Archive for shrinkage estimation

Posted in Statistics, University life with tags , , , , , , , , , , , , on November 15, 2012 by xi'an

Following in the reading classics series, my Master students in the Reading Classics Seminar course, listened today to Kaniav Kamary analysis of Denis Lindley’s and Adrian Smith’s 1972 linear Bayes paper Bayes Estimates for the Linear Model in JRSS Series B. Here are her (Beamer) slides

At a first (mathematical) level this is an easier paper in the list, because it relies on linear algebra and normal conditioning. Of course, this is not the reason why Bayes Estimates for the Linear Model is in the list and how it impacted the field. It is indeed one of the first expositions on hierarchical Bayes programming, with some bits of empirical Bayes shortcuts when computation got a wee in the way. (Remember, this is 1972, when shrinkage estimation and its empirical Bayes motivations is in full blast…and—despite Hstings’ 1970 Biometrika paper—MCMC is yet to be imagined, except maybe by Julian Besag!) So, at secondary and tertiary levels, it is again hard to discuss, esp. with Kaniav’s low fluency in English. For instance, a major concept in the paper is exchangeability, not such a surprise given Adrian Smith’s translation of de Finetti into English. But this is a hard concept if only looking at the algebra within the paper, as a motivation for exchangeability and partial exchangeability (and hierarchical models) comes from applied fields like animal breeding (as in Sørensen and Gianola’s book). Otherwise, piling normal priors on top of normal priors is lost on the students. An objection from a 2012 reader is also that the assumption of exchangeability on the parameters of a regression model does not really make sense when the regressors are not normalised (this is linked to yesterday’s nefarious post!): I much prefer the presentation we make of the linear model in Chapter 3 of our Bayesian Core. Based on Arnold Zellner‘s g-prior. An interesting question from one student was whether or not this paper still had any relevance, other than historical. I was a bit at a loss on how to answer as, again, at a first level, the algebra was somehow natural and, at a statistical level, less informative priors could be used. However, the idea of grouping parameters together in partial exchangeability clusters remained quite appealing and bound to provide gains in precision….

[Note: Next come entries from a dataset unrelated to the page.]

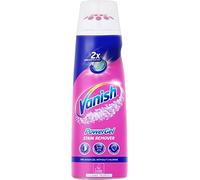 Vanish PowerGel - Stain Removal Gel - For Pre-Treatment of Colourful & White Laundry - 1 x 200 ml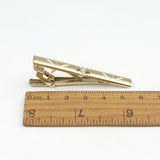 Funki Buys | Necktie Clips | Men's Stylish 4 Pcs Tie Clip Gift Box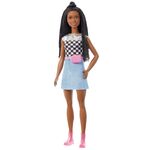 Barbie "Brooklyn" Roberts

Posted in Statistics, University life with tags , , , , , , , , , , , on November 8, 2012 by xi'an

Following last week read of Hartigan and Wong’s 1979 K-Means Clustering Algorithm, my Master students in the Reading Classics Seminar course, listened today to Agnė Ulčinaitė covering Rob Tibshirani‘s original LASSO paper Regression shrinkage and selection via the lasso in JRSS Series B. Here are her (Beamer) slides

Again not the easiest paper in the list, again mostly algorithmic and requiring some background on how it impacted the field. Even though Agnė also went through the Elements of Statistical Learning by Hastie, Friedman and Tibshirani, it was hard to get away from the paper to analyse more widely the importance of the paper, the connection with the Bayesian (linear) literature of the 70′s, its algorithmic and inferential aspects, like the computational cost, and the recent extensions like Bayesian LASSO. Or the issue of handling n<p models. Remember that one of the S in LASSO stands for shrinkage: it was quite pleasant to hear again about ridge estimators and Stein’s unbiased estimator of the risk, as those were themes of my Ph.D. thesis… (I hope the students do not get discouraged by the complexity of those papers: there were fewer questions and fewer students this time. Next week, the compass will move to the Bayesian pole with a talk on Lindley and Smith’s 1973 linear Bayes paper by one of my PhD students.)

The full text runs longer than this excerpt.